Where this reviewer feels that Gardner does his most important writing is not in his public career suicide, nor the depiction of the artistic atrocities discussed above, but in calling to task the damage visited upon the arts by the doctrines of political correctness, multiculturalism, and affirmative action. He states, "That standards have been replaced by quotas is proved by how easily it was to label each artist [at the 1993 Whitney Biennial] according to his or her political identity: Janni Antoni--Feminist; Sadie Benning--Lesbian; Robert Gober--Gay; Christine Chang--Asian American; Jimmy Durham--Native American; Miguel Gandert--Latino; Glenn Ligon--Black. The Whitney Biennial was a country club from which only straight white males were excluded" (150). These people, Gardner claims, are far less artists than "self-appointed spokespersons for a special-interest group, one might almost say a political action committee" (148). In addition, while in any other context the art works by these individuals would hardly be noticed, "because they are homosexual [or monitory, or feminist] we are required, I suppose, to see everything they do as daring and intelligent." (183)
He also discusses the art world's maniacal fascination with message over form:
The absolute degree of meaning's ascendancy over form was reached in AIDS Timeline, an installation at the 1991 Whitney Biennial by Group Material, the artists collective.

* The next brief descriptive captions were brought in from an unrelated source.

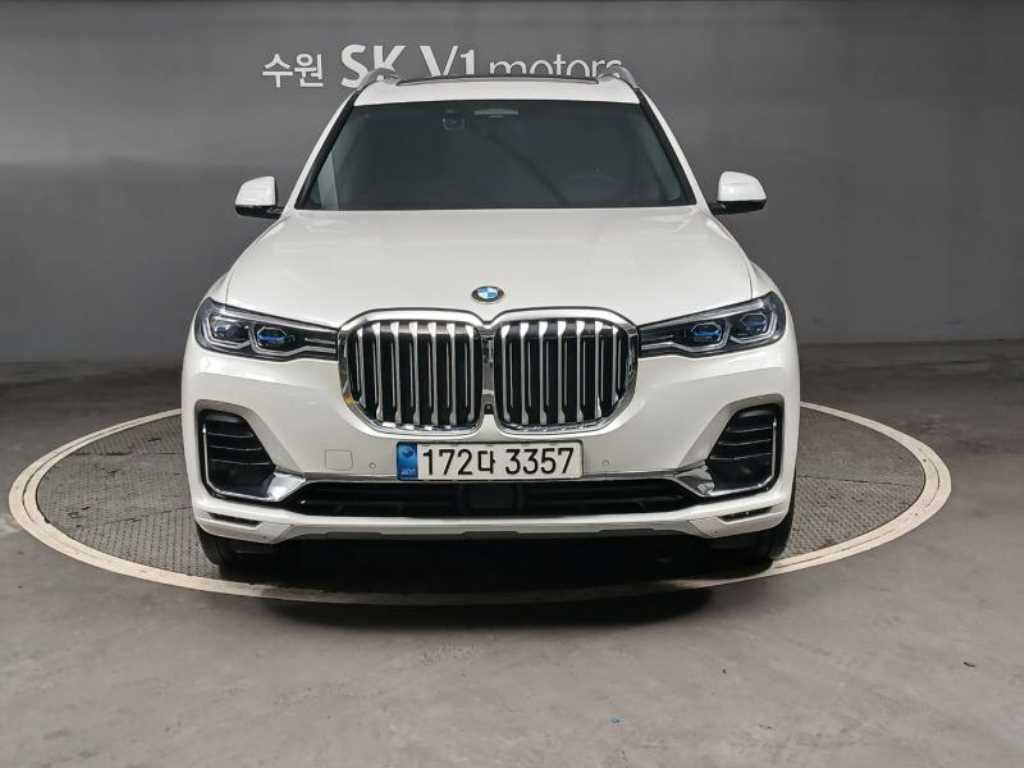 BMW X7 40i xDrive ������ǻ�� �������� 7�ν�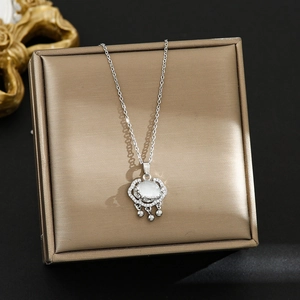 Dettaglio del ciondolo lucchetto Ruyi in argento con opale e micro-pavé di cristalli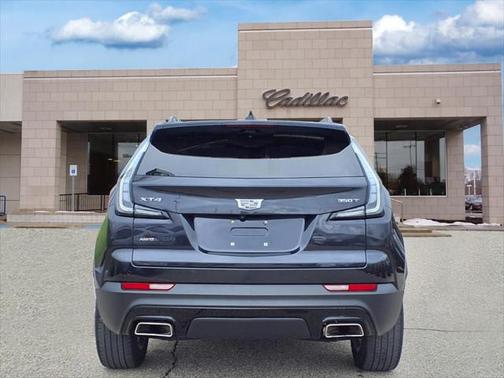 2022 Cadillac XT4 Sport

Using charts, graphics, and television monitors with doctors chattering learnedly in white coats, not to mention a few appropriated and pretty forgettable paintings on the walls, the piece communicated to us that AIDS is bad and not good. But suppose that precisely the same setup had been mounted to advocate, not AIDS awareness, but safety on the highways (Buckle up, America!) or heaven forbid, an anti-abortion creed. Though its aesthetics would be identical to AIDS Timeline we can rest assured that the installation would never even have been considered by the curators, and that its very status as art would have been vigorously contested. (149)
It is here Gardner speaks the un-speakable, but which needs to be spoken loud and clear: that art's "spiritual and political essence can be summed up in an us-them equation pitting white people with penises against everyone else" (161). Is Gardner charging the art world with being blatantly racist and sexist? Yes, to both counts. "Yet the point needs to be made that many an art world player is prepared to act upon these and similarly racist and sexist impulses, so long as he or she can appear, in the process, to be attacking racism or sexism" (153).
James Gardner's work will offend the sensitivities of many readers, particularly art mavens and P.C. devotees. But I feel that it has merit and is long over due--as well as over long. One has the impression that this book could have been considerably more concise. Of the book's ten chapters, four of these read like little more than a series of painfully lengthy art reviews, though they are clearly intended as a courteous overview of the history of art in the Twentieth Century. One even suspects that their content was simply an elongated version of Gardner's previous writings. Moreover, these four chapters are awash in "art-speak"--that ubiquitous slime of art terminology that cannot, for all its flowery prose, adequately describe what is by nature a visual medium. A prime example: "The over-all riot of clashing colors and forms is physically perplexing and occasionally inconceivable" (183). As such, these chapters do stand as a metaphor for art world lunacy, though they do little to support Gardner's hypothesis, and their dense obsequiousness may actually prevent the reader from reaching the author's "Provocative View."